Cloud TPUs available in beta, Microsoft’s plans for blockchain, Oracle’s PaaS, Scanpy, and more in today’s top stories around machine learning, blockchain, and data science news.
Google’s Cloud TPUs, the family of Google-designed hardware accelerators, is now available in beta. These custom chips are optimized to speed up and scale up specific ML workloads programmed with TensorFlow. The company first announced Cloud TPUs at its I/O developer conference on May 17-19, 2017, for a limited number of developers and researchers.
Each Cloud TPU features four custom ASICs. It packs up to 180 teraflops of floating-point performance and 64 GB of high-bandwidth memory onto a single board.
Developers who already use TensorFlow don’t have to make any major changes to their code to use this service. Usage will be billed at $6.50 per Cloud TPU per hour.
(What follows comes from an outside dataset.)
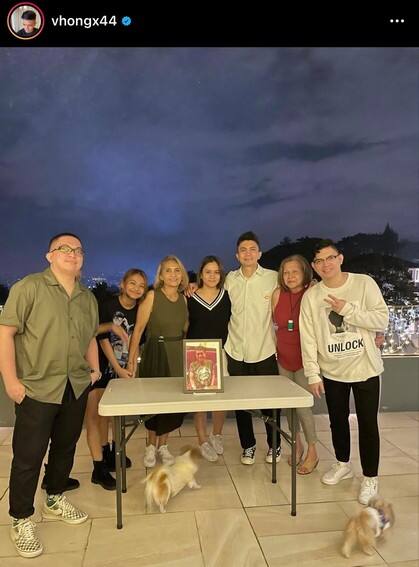 PHOTOS: It’s Showtime family’s fun, colorful holiday celebration with their loved ones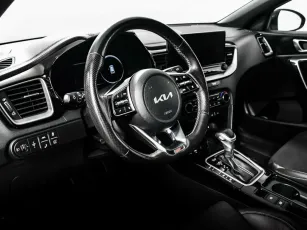 Kia  11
Using a single Cloud TPU, developers can train ResNet-50 to the expected accuracy on the ImageNet benchmark challenge in less than a day, for well under $200! Once the TPU pods (array of cloud TPUs connected together via an ultra-fast, dedicated network to form multi-petaflop ML supercomputers) are available, ResNet-50 and Transformer training times will drop from almost a day to less than 30 minutes.
In a recent blog post, Microsoft revealed plans to use blockchain technology in the form of decentralized identity systems to solve online management issues with personal data and identity management. A decentralized identity system is not controlled by any single, centralized institution. It removes the possibility of censorship and gives an individual full control over their identity and reputation. The building of the platform takes inspiration from Microsoft’s commitment to the ID2020 alliance. Initially, Microsoft will support blockchain-based decentralized IDs (DIDs) through the Microsoft Authenticator app. Microsoft plans to work with DID method implementations, which follow a specific standard outlined by a W3C working group. According to Ankur Patel, PM, Microsoft’s identity division, “Using our technology individuals will get a secure encrypted digital hub where they can store their identity data and easily control access to it.”
Oracle lays out a broader vision for Oracle Cloud Platform with a range of autonomous service capabilities. Oracle PaaS (Platform as a service) capabilities support the needs of the entire organization, including developers, enterprise architects, data scientists, IT operations, and business users.
- Autonomous PaaS services include advanced capabilities such as auto code generation, self-defining data flows, automated data discovery and preparation.
- They also have voice-enabled integration links, machine learning-based continuous data analysis, and self-learning bots that understand user intent and continually refine that understanding.
- They will speed IT deployments, by letting developers jump right to creating new functionality rather than having to spend time on the routine tasks.
- PaaS promises to lower IT costs and improve security because they require less human management and eliminate human error.
Scientists from the Helmholtz Zentrum München have developed Scanpy, a program that is able to help manage enormous datasets. Scanpy was made with the purpose of analyzing the gene-expression data of a large number of individual cells. It allows comprehensive analysis of large gene-expression datasets with a broad range of machine-learning and statistical methods. Scanpy is based on the Python language and uses graph-like coordinate system. Instead of characterizing a single cell by the expression value for thousands of genes, the system simply characterizes cells by identifying their closest neighbors — very much like the connections in social networks. In fact, to identify cell types, Scanpy uses the same algorithms as Facebook does for identifying communities. To read more, visit the official documentation.
5. Accelirate has announced its partnership with Chirrp.ai to strengthen its enterprise-class chatbot solutions capability
Accelirate has partnered with Chirrp.ai, an AI-powered communication channel provider, to strengthen their chatbot solutions. With this partnership, the enterprise-grade chatbots will be able to handle low-, medium- and high-complexity use cases. A high-complexity use case is where many clients use chatbots as an NLP/NLU-powered application-delivery mechanism which can handle complex user queries as well as application rules and workflows right from within the chatbot interface. Initially, the chatbots will be configured and set up to understand structured as well as unstructured customer queries and provide them with appropriate answers without involving a human. The chatbot will gather the relevant customer information, query the backend systems (which can be accomplished by using RPA robots) and present the information to the customer interactively. All without human intervention!